# Best Heating Source For St-1000 Controlled Fridge



## Newbee(r) (27/12/11)

Starting the build on the temp controller box today, which will have dual heating and cooling control after a trip out to jaycar for parts and thanks to wife's stc-1000 xmas gift :icon_cheers: . Just wanted some advice on best heating source for the fridge. 

There seem to be a range of choices - heat pads, to sit under the fermenter or hung in the fridge, heat belts, going around the fermenter, an aquarium heater put in the fermenter, or even a lightbulb option (which makes little sense to me given light and beer are not good friends). Heat pads I am a bit worried will give the bottom fermenting yeasts too high a temp, so am leaning towards a hanging arrangement or aquarium heater, unless people have had good experiences with the heat belts. Any recommendations and preferences for particular models greatly appreciated. 

Cheers

J


----------



## Yob (27/12/11)

Newbee(r) said:


> Starting the build on the temp controller box today, which will have dual heating and cooling control after a trip out to jaycar for parts and thanks to wife's stc-1000 xmas gift :icon_cheers: . Just wanted some advice on best heating source for the fridge.
> 
> There seem to be a range of choices - heat pads, to sit under the fermenter or hung in the fridge, heat belts, going around the fermenter, an aquarium heater put in the fermenter, or even a lightbulb option (which makes little sense to me given light and beer are not good friends). Heat pads I am a bit worried will give the bottom fermenting yeasts too high a temp, so am leaning towards a hanging arrangement or aquarium heater, unless people have had good experiences with the heat belts. Any recommendations and preferences for particular models greatly appreciated.
> 
> ...



a heat pad at the back of the fridge (not directly under the fermenter) is what I use and works a treat.
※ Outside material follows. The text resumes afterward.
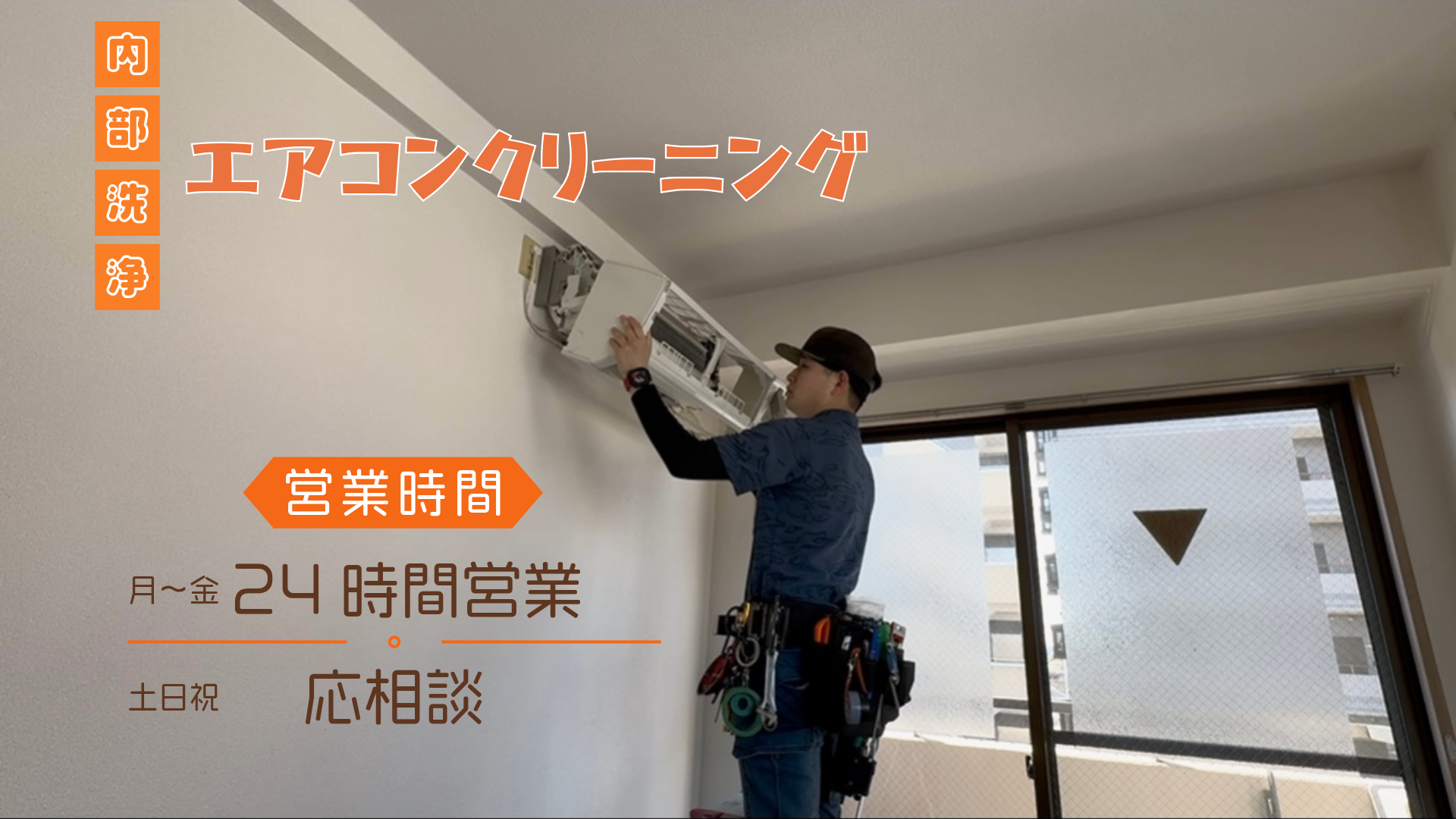年中無休で承っております！の画像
it's only UV light that affects yeast, so a light bulb is OK (some like to put a ceramic pot over it)

Directly heating the FV isnt what you want, heating ambient is the go.

aquarium heater in the FV is right out for me and would never consider it an option

Heat belts are good too I know of many people who just drape it over the light or tape it to the side of the fridge.

Yob

edit: LINKY : it's an older piccie and I now have it flat under a second shelf at the bottom of the fridge


----------



## Acasta (27/12/11)

I used an old lead light we had in the garage. Really simple, put some alu foil over it to stop the light going directly onto the fermenter but left some space for heat to escape.
Only problem is finding replacement incandescent globes...


----------



## iralosavic (27/12/11)

My wife used to run an aquarium, so I had a variety of heat globe setups to choose from. I went with infra-red in a reflective lamp mount. The main reason was that I didn't have to figre out a way to mount a socket and bulb only setup. It does a good job of heating indirectly without getting too hot. The reflective lamp would probably set you back close to $100, so if you had to buy your own, I'd just go with the plain cable-socket and a couple of heat globes and Mcgyver it - this would result in a similar cost to a heat belt, but with an indirect heat source.


----------



## Whiteferret (27/12/11)

I've got a 12v downlight under a milo tin with holes in mine run longer wires from outside so there is no 240 inside the frigde as there is a lot of condensation inside even with a computer fan in there.


----------



## MHB (27/12/11)

A Fan, a small fan will give you more consistent and faster heating and cooling, not only that but a 25 W (for instance) computer fan is giving you 25 W of heat as well.
In an insulated box (fridge) with the heat produced during fermentation plus the heat from the fan I doubt you will ever need to turn the heating circuit on, even in cold whether the fridge will be cycling occasionally just to get rid of the heat build up.
MHB


----------



## Amber Fluid (27/12/11)

I use a Reptile Heat Cord. So versatile and can conform to any shape needed. Mine is weaved between the shelves.


----------



## drsmurto (27/12/11)

Here is how one of my fermenting fridges is setup, reptile heat pad with the STC-1000.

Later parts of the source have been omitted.